In 2001 they signed to an American management company and began work on an album under the aegis of USA producer Josh Abraham. With American radio in mind, Abraham worked at streamlining the Shihad sound, grooming Toogood for stardom and augmenting the band with session players. Recording guests included Stone Temple Pilots’ singer Scott Weiland.
But before recording was complete, the September 11 attacks on the Twin Towers brought America to a standstill. When the smoke began to clear, there was a new word in the American vocabulary: Jihad.
It was about this time that it occurred to Shihad’s American management that the name of their new Antipodean signing might be a red rag to a scared and angry nation. Faced with the alternative of losing what seemed like a once-in-lifetime opportunity to break into the massive American market, the group – with much reluctance - agreed to change their name. Rebranding themselves after a popular song from The General Electric, they became Pacifier.
While fans at home cried “sellout!” the band completed the slick new album, signed with USA label Arista, and embarked on a major American tour. In fact, Pacifier were feeling just as conflicted as their Australasian fans. Playing at American festivals where the prevailing mood was one of fierce nationalism and random xenophobia, the band began to question their own ambitions.

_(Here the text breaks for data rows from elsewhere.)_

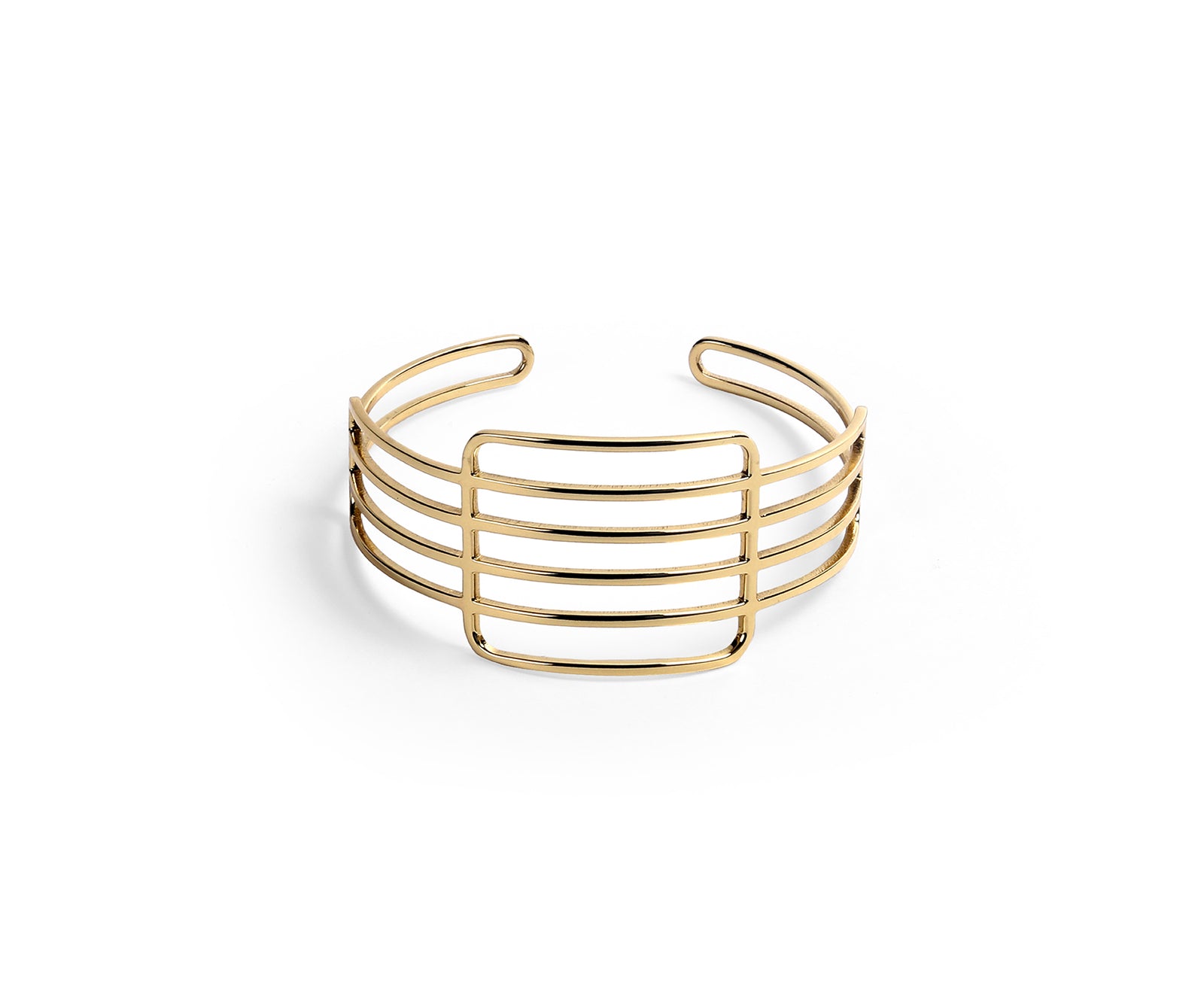 Era Grid Wrist Cuff Polished Brass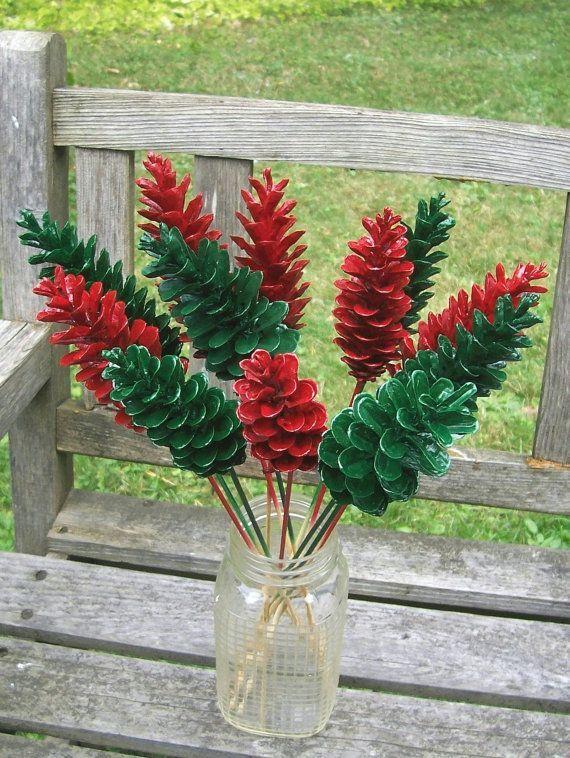 Flowers Red Green One Logo - Pine Cone Floral Picks, Pine Cone Flowers. Red or green, or mix, 1 ...
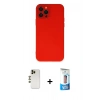 MARSİLYAN™- iPhone 12 Pro Max Kılıf Çekirdek Modern Serisi - Siyah 5D Eko Cam Ekran Koruyucu + Shine Kamera Lens - GD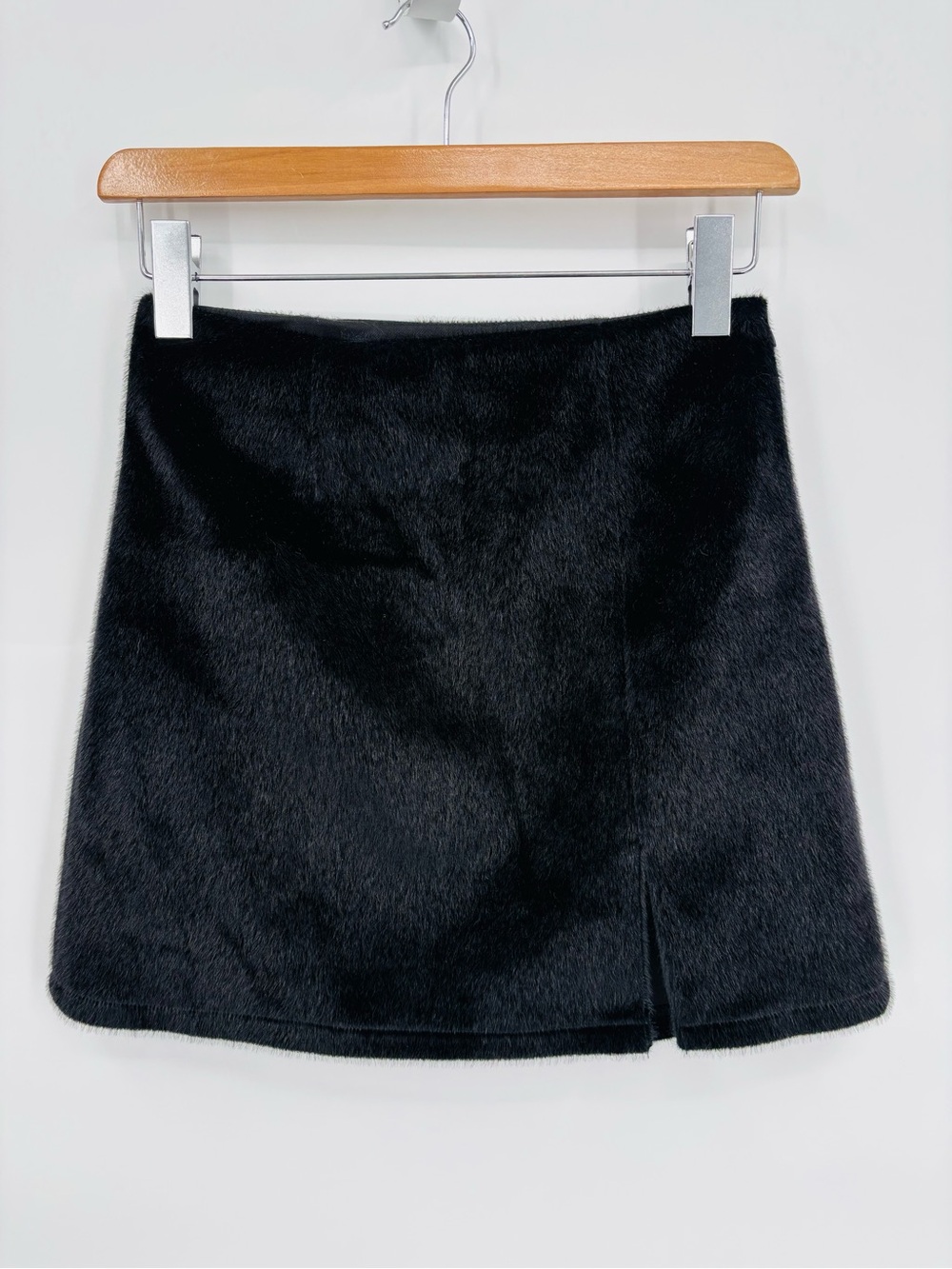 ASOS design faux fur black mini skirt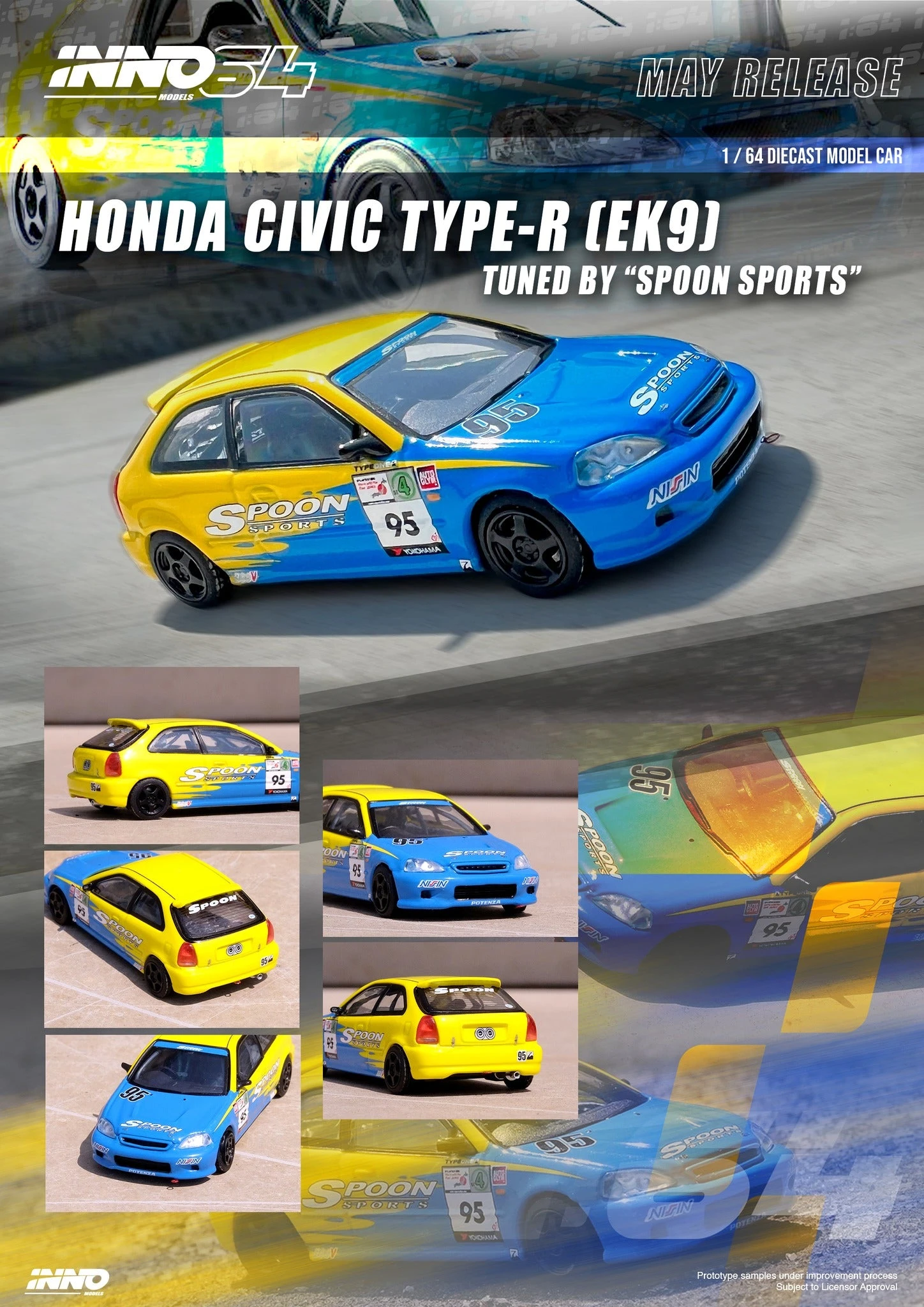 INNO64 1:64 Honda Civic Type-R (EK9) In "SPOON SPORTS" Livery 6 INNO64 1:64 Honda Civic Type-R (EK9) In "SPOON SPORTS" Livery - Image 4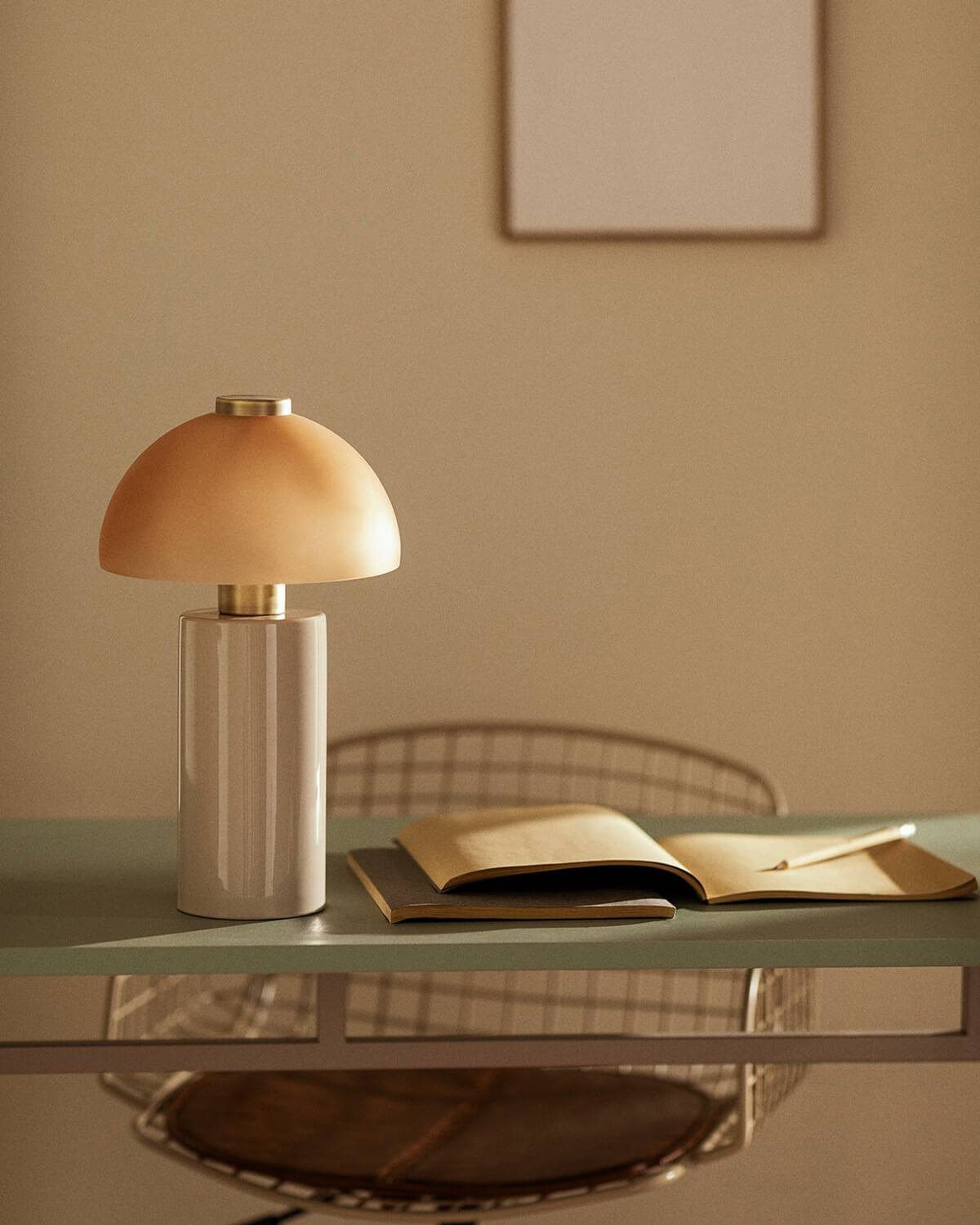 Seta - Lámpara de Mesa de Metal y Vidrio (Ø19,5 cm) Seta Vidre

Eventually they returned to the Antipodes, America unconquered. In 2004 they reverted to being Shihad and emerged from a period of soul-searching with the cathartically heavy Love Is The New Hate. The album was a return to form, purging the band of its American experience with juggernaut riffs and scathing observations of mindless materialism and nationalism gone mad.
Over the next few years the group would regularly tour Australia and New Zealand as a headline act, releasing further albums Beautiful Machine in 2008 and Ignite in 2010. At the 2010 New Zealand Music Awards Shihad were honoured with a Legacy Award and inducted into the New Zealand Music Hall Of Fame. The same year they supported AC/DC in New Zealand.
In 2011, they released their first compilation, The Meanest Hits. The mood of retrospection continued the following year with the cinema release of the movie Beautiful Machine, a documentary chronicling the group’s history.
In 2013 Shihad opened concerts for a reunited Black Sabbath in New Zealand and Australia, and in their intensely energetic sets demonstrated yet again why they are New Zealand’s most loved and enduring rock group.
In August 2014, Shihad released their 7th album. Entitled FVEY, a reference to the "Five Eyes" survelliance system, it was produced at Auckland's York Street Studios by Jaz Coleman. It was the last album recorded at that studio before it closed. It entered the New Zealand Top 40 at No.1 on the 18th of August.